One of the key insights was that what we were doing was related to the nested relational algebra3 and query/view composition. The annotated schema and XPath above are conceptually similar to the XQuery shown in Example 3, with a hyptothetical sql:table() function that retrieves records from the database.

Example 3: An XQuery equivalent to the Annotated Schema and XPath above.
declare function sql:view() {
    for $i in sql:table("Customers")
    return <Customer Region="{$i/@Region}">{
               for $j in sql:table("Orders")
               where $i/@CustomerID = $j/@CustomerID
               return <Order ID="{$i/@OrderID}"/>
          }</Customer>
};
sql:view()/Customer[@Region='WA']/Order

Instead of executing one query to construct the entire document and then another query to extract only part of it, SQLXML combines (composes) the XPath with the XML View to create a more efficient query, and then converts only this query’s smaller result set into XML.

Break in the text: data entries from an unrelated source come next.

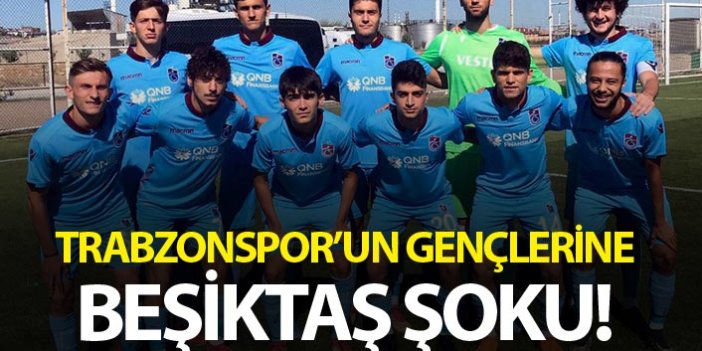 Trabzonspor'un gençlerine Beşiktaş şoku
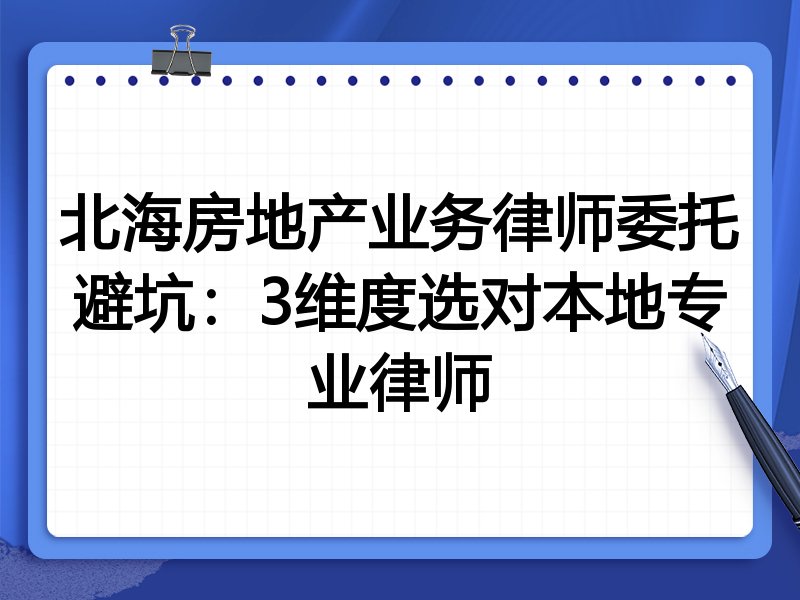 北海房地产业务律师委托避坑：3维度选对本地专业律师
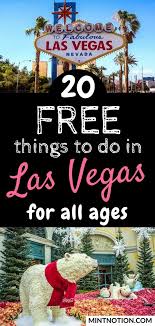 20 Free Things To Do In Las Vegas For All Ages Vegas Activities Las Vegas Activities Vegas Weekend Trip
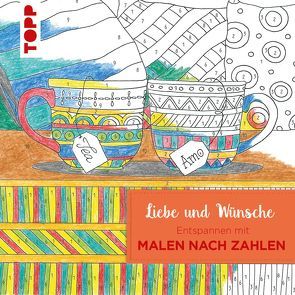 Entspannen mit Malen nach Zahlen – Liebe und Wünsche von Pitz,  Natascha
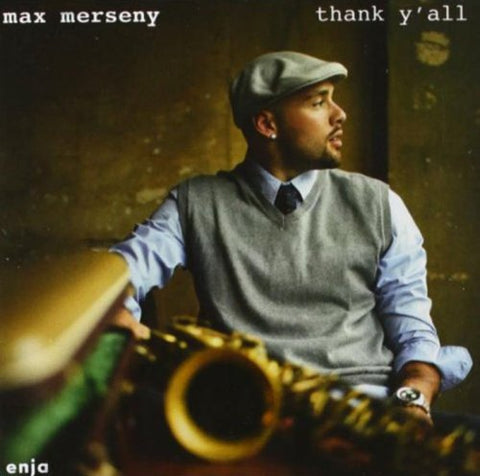 Max Merseny - Thank Y' All [CD]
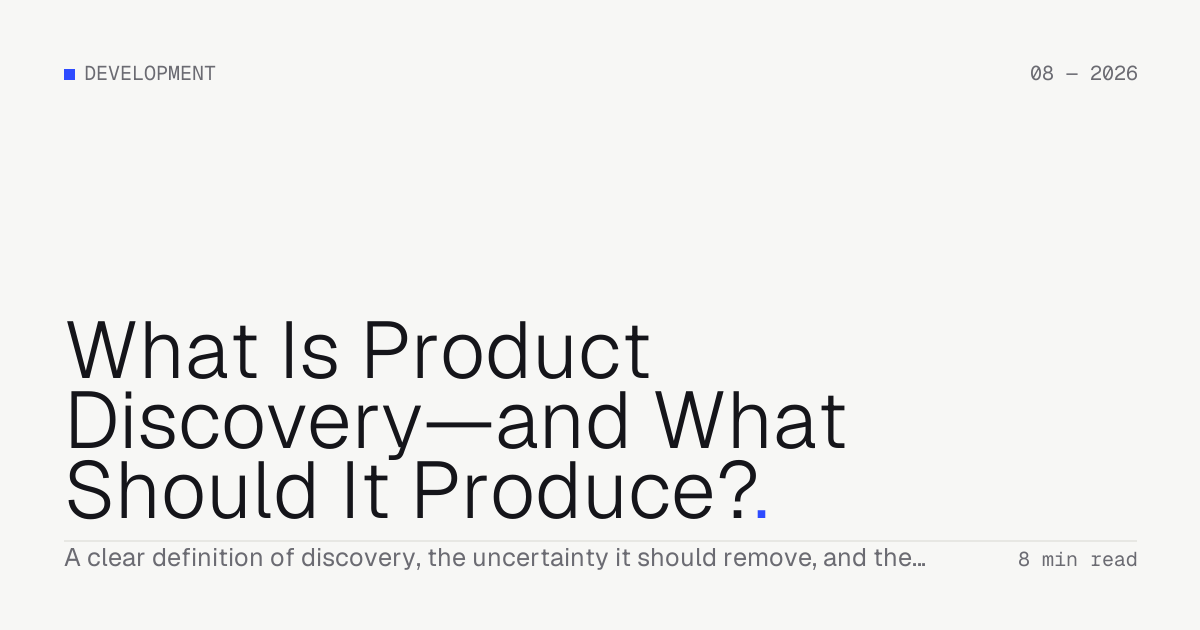 What Is Product Discovery—and What Should It Produce? — Troiana insight cover
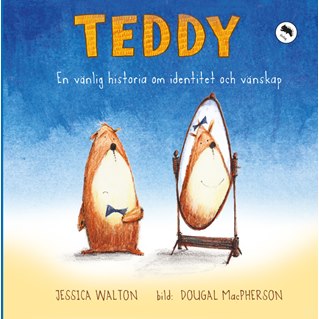 Teddy: En vänlig historia om identitet. Lastenkirja ruotsiksi.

Example 4: An XQuery equivalent to the composed view and XPath.
for $i in sql:table("Customers")
where $i/@Region = "WA"
return
  for $j in sql:table("Orders")
  where $i/@CustomerID = $j/@CustomerID
  return <Order ID="{$i/@OrderID}"/>

Chris Suver, my mentor and at the time our team Architect, and I invented an XML query algebra to represent views and queries from many different XML query languages and enable performing this composition in a more rigorous way.

Additional Reading

Websites and Newsgroups

###Books

Presentations


Footnotes

  1. The links for these sites have broken over time. The EU EPA site has moved from this to this. I don’t know if they still use SQLXML. MSN Music Search is now Bing Search.

  2. System.Xml.Query was documented on MSDN but that link no longer exists. This article talks a little about it.

  3. The nested relational algebra is now used in many other systems, including the Dremel query language.